The one thing you have to imagine is that if you have a potential and you have states of a potential, if the potential changes, the states change. But here comes something very nice. They never appear or disappear. And this is something probably you haven't thought about this all that much. Because you had, for example, a square, finite square well.

If you made this more deep, you've got more bound states. If you made it less deep, the bound states disappear. What does it mean the bound states disappear? Nothing, really can disappear.

What really is happening, if you have the bounds, the square well. You have a couple of bound states, say. But then you have an infinity of scatterings states. And as you make this potential less shallow, the last bound state is approaching here. And at one state, it changes identity and becomes a scatterings state, but it never gets lost.

And how, when you make this deeper and deeper you get more state, is the scattering state suddenly borrowing, lending you a state that goes down? The states never get lost or disappear. And you will, say, how could you demonstrate that? That sounds like science fiction, because, well, there's infinitely many states here. How do you know it borrowed one?

Well, you can do it by putting it in a very large box. And then the states here are going to be finitely countable and discrete. And then you can track and see indeed how the states become bound. So you'd never lose or gain states. And that's a very, very powerful statement about quantum states in a system.

So this is what we're going to need to prove Levinson's theorem. So Levinson theorem theorem-- so it relates a number of bound states of the potential to the excursion of the phase shift. So let's state it completely. It relates the number N of bound states of the potential to the excursion, excursion of the phase from E equals 0 to E equals infinity.

So in other words, it says that N is 1 over pi delta of 0 minus delta of infinity, a number of bound states of your potential is predicted by the behavior of the phase shift of scattering. So how do we do this? This is what we want to prove.

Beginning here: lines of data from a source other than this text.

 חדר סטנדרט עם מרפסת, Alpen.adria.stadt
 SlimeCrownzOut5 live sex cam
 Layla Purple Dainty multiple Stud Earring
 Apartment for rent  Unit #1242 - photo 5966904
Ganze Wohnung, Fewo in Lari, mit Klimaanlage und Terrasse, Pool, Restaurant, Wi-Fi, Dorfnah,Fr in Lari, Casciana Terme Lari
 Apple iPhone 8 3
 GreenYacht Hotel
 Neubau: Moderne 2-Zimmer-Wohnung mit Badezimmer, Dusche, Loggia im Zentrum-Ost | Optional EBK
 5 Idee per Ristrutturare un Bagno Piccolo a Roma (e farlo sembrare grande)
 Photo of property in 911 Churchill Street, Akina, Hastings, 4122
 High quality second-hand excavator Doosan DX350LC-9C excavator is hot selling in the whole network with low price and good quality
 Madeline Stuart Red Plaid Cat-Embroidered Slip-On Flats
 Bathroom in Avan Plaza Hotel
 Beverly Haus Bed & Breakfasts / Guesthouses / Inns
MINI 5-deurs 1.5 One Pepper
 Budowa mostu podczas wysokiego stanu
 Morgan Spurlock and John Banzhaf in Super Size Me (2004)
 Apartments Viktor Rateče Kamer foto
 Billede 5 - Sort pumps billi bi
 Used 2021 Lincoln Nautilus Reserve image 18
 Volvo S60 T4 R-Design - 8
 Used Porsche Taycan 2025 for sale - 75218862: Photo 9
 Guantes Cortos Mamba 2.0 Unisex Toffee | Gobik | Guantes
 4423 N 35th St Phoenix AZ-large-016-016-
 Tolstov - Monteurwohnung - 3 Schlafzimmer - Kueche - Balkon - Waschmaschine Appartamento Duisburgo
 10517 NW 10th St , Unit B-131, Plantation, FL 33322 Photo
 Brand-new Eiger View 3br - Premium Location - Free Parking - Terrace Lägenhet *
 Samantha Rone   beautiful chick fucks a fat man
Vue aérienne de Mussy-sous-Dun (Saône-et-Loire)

So consider, again, our potential of range R and 0 here and here is x. And I want you to be able to count states, but discovering states are a continuous set of states. So in order to count states, we're going to put a wall here, as well, at some big distance L much bigger than A than R.

And we're going, therefore-- now the states are going to be quantized. They're never going be quite scatterings states. They're going to look like scatterings states. But they're precisely in the way that they vanished at this point.

Now you would say, OK, that's already a little dangerous to be. Oh, you've changed the problem a little, yes. But we're going to do the analysis and see if the result depends on L. If it doesn't depend on L and L is very large, we'll take the limit this L goes to infinity. And we claim, we have answer.

So we argue that L is a regulator, regulator to avoid a continuum, continuum of states to avoid that continuum of states. All right, so let's begin to count. To count this thing, we start with the case where there is no potential again. And why is that? Because we're going to try to compare the situation with no potential to the situation with potential.

So imagine let V identical is 0, no potential and consider positive energy states. These are the only states that exist. There are no bound states, because the potential is 0.

Well, the solutions were found before, we mentioned that these are what we call phi effects or sine of kx. But now we require that phi of L is equal to 0, because we do have the wall there. And therefore, si of kl must be 0 and kl must be n pi and n is 1, 2 to infinity.

You know we manage with the wall to discretize this state, because the whole world is now an infinite, a very big box, not infinite, but very big. So you've discrete the state. The separations are microelectron volts, but they are discrete. You can count them.

And then with this state over here, we think of counting them. And you say, well, I can count them with n. So if I imagine the k line from 0 to 50, the other states are over, all the values of k. And they could say, well, I even want to see how many states there are in a little element dk.

And for the that you would have that dk taken a differential here is dn times pi. So of the number of states that there are in dk, dn-- let me right here-- dn equals l over pi dk is the number of positive energy states in dk. In the range dk, in the range of momentum, dk that little interval, there are that many positive energy eigenstates. So far, so good.

So now let's consider the real case. Repeat for the case there is some potential. Well, you would say, well, I don't know how to count. I have to solve the problem of when the potential makes a difference. But no, you do know how to count. So repeat for V different from 0.

This time we have a solution for x greater than R. We know the solution. This is our universal solution with the phase. So there you have the si effect is e to i delta sine kx plus delta of k. That's a solution.

Yes, you have the solution always. You just don't know what delta is. But you don't know what delta-- you don't need to know what delta is to prove the theorem, You just need to know it's there.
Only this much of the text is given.